## Task goal
Each line below must be set down exactly; omit any image you find.

## The data
=== Begin Enclosure ===

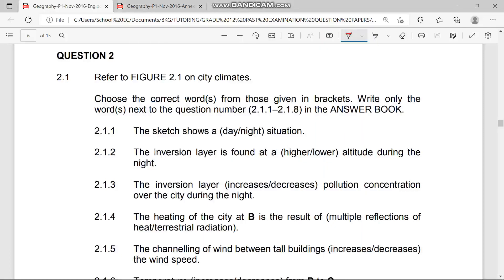Today we are going to be focusing on our best question paper — specifically question two, which says we must refer to figure 2.1 on city climate.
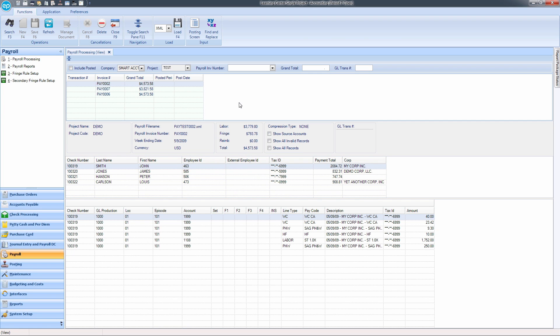If the entity being paid is a loan out, their corporation will appear in the middle section in the Corp column.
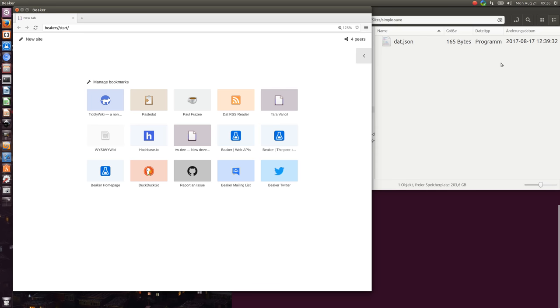Hi folks, my name is Mario Pietsch and this is short information about how to save TiddlyWiki single file version with the Beaker browser.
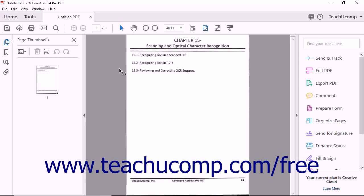When you select the Edit PDF tool, Acrobat makes the image editable by applying OCR. You'll notice a progress bar at the bottom of the screen during the Character Recognition process. When the OCR operation is complete, a pop-up message informs you that text has been recognized in the document.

=== End Enclosure ===

## Answer to the exercise
Today we are going to be focusing on our best question paper — specifically question two, which says we must refer to figure 2.1 on city climate.
If the entity being paid is a loan out, their corporation will appear in the middle section in the Corp column.
Hi folks, my name is Mario Pietsch and this is short information about how to save TiddlyWiki single file version with the Beaker browser.
When you select the Edit PDF tool, Acrobat makes the image editable by applying OCR. You'll notice a progress bar at the bottom of the screen during the Character Recognition process. When the OCR operation is complete, a pop-up message informs you that text has been recognized in the document.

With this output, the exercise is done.